Force Generation by Membrane-Bound Myo1c, a Single Molecule Study

Abstract

Myosin-IC (Myo1c) is a class-1 myosin that links cell membranes to the actin cytoskeleton. Actin binding occurs via the motor domain, while the tail domain interacts with phosphatidylinositol 4,5-bisphosphate (PtdIns(4,5)P2) through a pleckstrin homology domain. We expressed recombinant full-length myo1c and we showed previously that it is able to propel actin filaments while attached to a fluid supported-lipid-bilayer containing PtdIns(4,5)P2 in an in vitro gliding assay. However, Myo1c in this ensemble assay undergoes its working stroke under very low-loads, and it is of interest to measure the ability of the motor to generate force while bound to a fluid bilayer. Therefore, we measured the working stroke of membrane-bound myo1c molecules using an optical tweezers in the three-bead assay configuration. We engineered spherical supported bilayers as pedestal beads with membranes consisting of 98% DOPC and 2% PtdIns(4,5)P2. Membrane fluidity of the bilayers was confirmed by FRAP of labeled lipids. We detected actin attachments of single membrane-bound Myo1c molecules. We observed unitary work stroke events against the force of the trap, followed by the relaxation of tension presumably due to diffusion of the Myo1c on the lipid bilayer. The size of the working stroke of membrane-bound Myo1c was reduced compared to Myo1c on a solid substrate, possibly due to the elasticity of the lipid membrane. The subsequent relaxation of the tension takes place within 100 ms of the working stroke.
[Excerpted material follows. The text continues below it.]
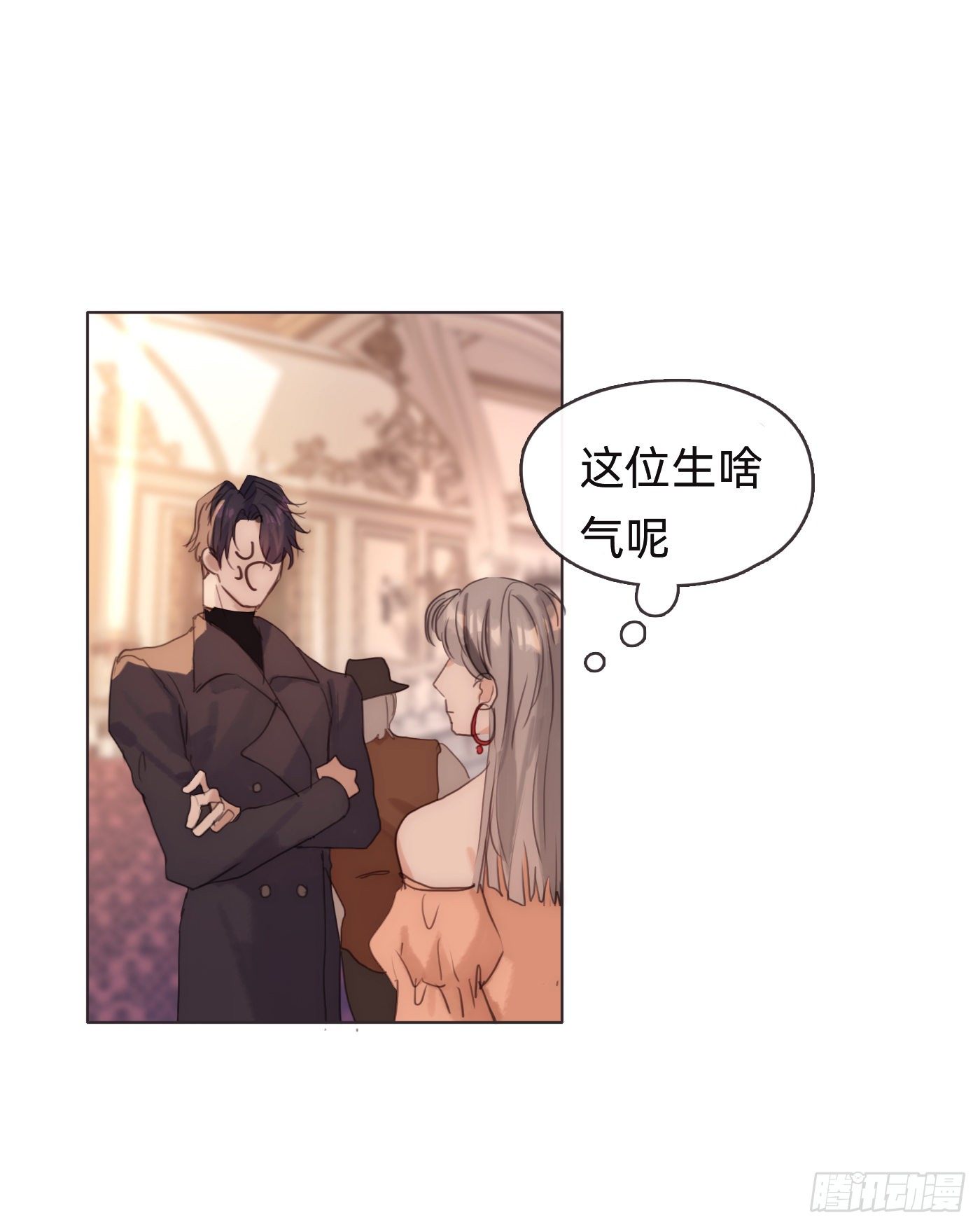 Ch.54 诱捕计划！47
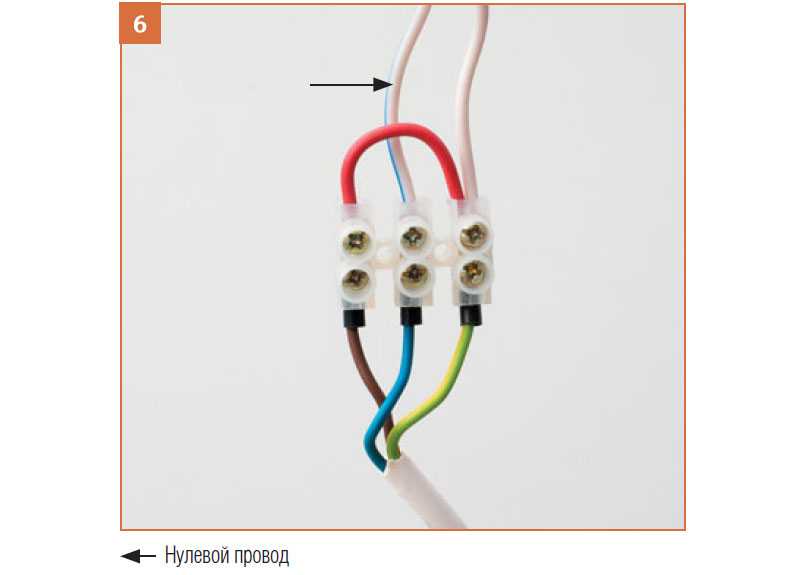 Включи 3 жилы. Как подсоединить люстру на 2 провода. Подключить люстру на одинарный выключатель на 4 провода. Схема подключения 3 проводов. Подключить люстру 3 провода на 2 провода.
Our experimental results show that Myo1c can develop tension on fluid membranes and may therefore actively contribute to tension between the membrane and actin, as well as to powering changes in membrane morphology. This assay will be useful to investigate the mechanical properties of the large number of cytoskeletal proteins that are proposed to link membranes and actin. Supported by NIH RO1GM57247.